Comecei a relacionar-me com Oswaldo, depois que me formei, nas reuniões oficiais do IAB, pois era próprio do arquiteto uma grande afabilidade e uma atenção respeitosa e gentil para com todas as pessoas. Assim, em 1960, Oswaldo nos convidou a mim, e ao Abrahão Sanovicz, então meu sócio, para uma parceria em projetos de arquitetura. Ambos tínhamos vencido um concurso nacional para um clube em Londrina, em 1959, em parceria com o arquiteto João Walter Toscano, cujos desenhos originais encontram-se hoje no Museu Pompidou; Oswaldo, por sua vez, tinha um posto altamente qualificado, que lhe permitia acompanhar o que acontecia no ensino de arquitetura no mundo. Era pessoa de confiança de Ciccillo Matarazzo, fundador da Bienal Internacional de Artes, para a qual Oswaldo organizava a Seção de Arquitetura. Esta promovia um concurso, também de abrangência internacional, de escolas de arquitetura. Em 1957, Abrahão e eu, em equipe com vários outros colegas, ganhamos o primeiro lugar ex æquo, com outras duas escolas do exterior. Nosso projeto era uma unidade de vizinhança para os técnicos e operários da Usina Presidente Bernardes, da Petrobras, em Cubatão, com orientação do professor Artigas. Ora, essa orientação urbanística era afim à do próprio Oswaldo.
Assim começamos uma parceria em que pesou nossa postura comum de trabalhar em equipe. Desses primeiros projetos somente vingou o do Teatro Municipal de Santos, iniciativa do prefeito Sílvio Fernandes Lopes e do entusiasmo de seu candidato, Luís La Scala. Esta foi a primeira experiência mais concreta não só da seriedade profissional como do comportamento de Oswaldo, que sempre valorizou o trabalho dos seus parceiros e colaboradores. Infelizmente, La Scala, eleito prefeito, morreu no dia da posse. Nossa parceria continuou até o prefeito Fernandes, em seu segundo mandato (1967), desapropriar terreno adequado e o projeto, ampliado com um centro cultural por nós proposto, ser construído.

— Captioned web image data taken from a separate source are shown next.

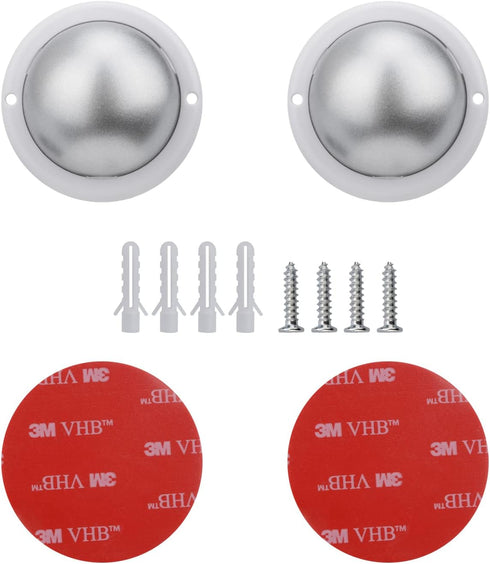 Wall Mounts for Magnetic Arlo/Arlo Pro/Pro 2 Cameras - Indoor/Outdoor (2 Pack Silver)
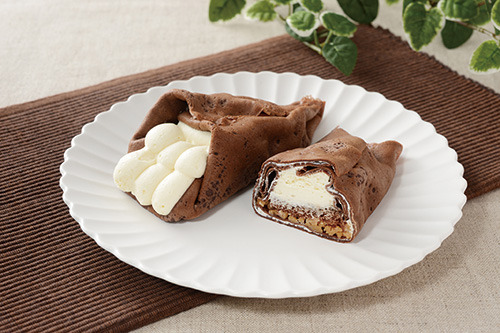 ローソン、ウチカフェ定番商品「どらもっち」「クレープ」がティラミス味に！19日より発売 画像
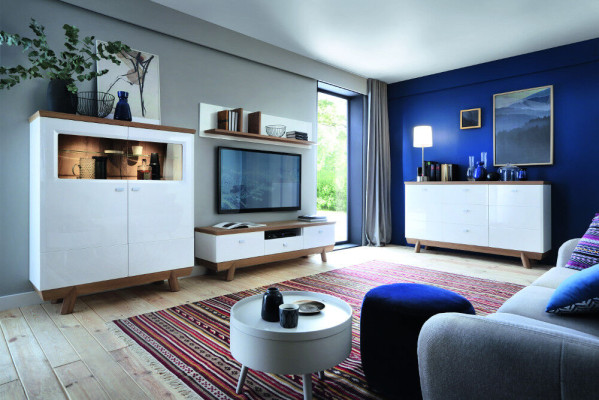 Moderne bureau Chef tafels Aspen hout.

Em 1971, Oswaldo convidou a mim, ao Abrahão e ao Benno Perelmutter para fundarmos a Faculdade de Arquitetura de Santos. Participamos das discussões iniciais e ficou estabelecido que me encarregaria da disciplina desenho do objeto, pois me parecia que centrar a ênfase em produção em série para um parque industrial primitivo seria irrealista. Abrahão ficou encarregado da programação visual e Benno ficou como assistente de Oswaldo na faixa de arquitetura. Posteriormente, nossa experiência serviu de base para o programa da Faculdade de Arquitetura da Universidade de Brasília, a pedido de seu diretor, o arquiteto Miguel Pereira. Esse programa foi publicado pela Associação Brasileira de Escolas de Arquitetura.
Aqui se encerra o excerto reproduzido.